Speaking of a friendly interface, another hurdle in a large class is how to trouble-shoot technology for students, especially if you don’t have smaller “lab” sections or TA support during class. For me, it’s a delicate balance of scaffolding and classroom culture…

After demonstrating how to construct graphs and calculate summaries using software, I assign some straightforward data analysis questions with right/wrong answers. For this, I use an app called Socrative, which works similarly to clickers, except that it allows for both multiple choice and free response questions. Socrative allows me to give immediate feedback – for example, if they miss a question, I can provide them with the software instructions they need. In addition to feedback through Socrative, I try to normalize the process of struggling with new technology and encourage them to help each other. I remind them it’s impossible for me to help everyone individually, but I’m confident they can work together and solve most problems without me. Students generally rise to the challenge and accept that there are multiple sources of knowledge in the room.

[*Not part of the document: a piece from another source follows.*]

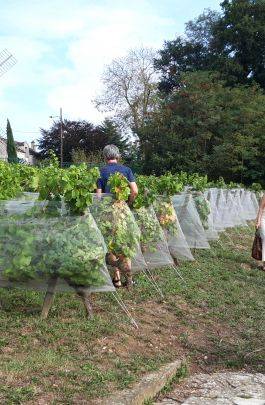 vigne de Sannois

Once I’m confident students know how to use the necessary data analysis tools, we can try more challenging, open-ended questions. For example, I may choose a response variable and ask students to explore the data until they find a variable that’s a good predictor, then write a few sentences about that relationship. They need to use graphs and calculate statistics to answer this, but I’m not explicitly telling them which graphs and statistics to use, and I’m certainly not giving them “point here, click here” style instructions. There’s a little productive struggle involved!

#### Interpret Results in Context

In the following class, I present student analyses as a starting point for our interpretations. They already have a foundation for discussing effect sizes and strength of evidence, because they’ve considered the relationships among variables themselves. Students can offer deep insights about the limitations of the analysis (e.g., sampling issues, measurement issues, correlation vs. causation), because they’ve been involved with the investigation at every stage.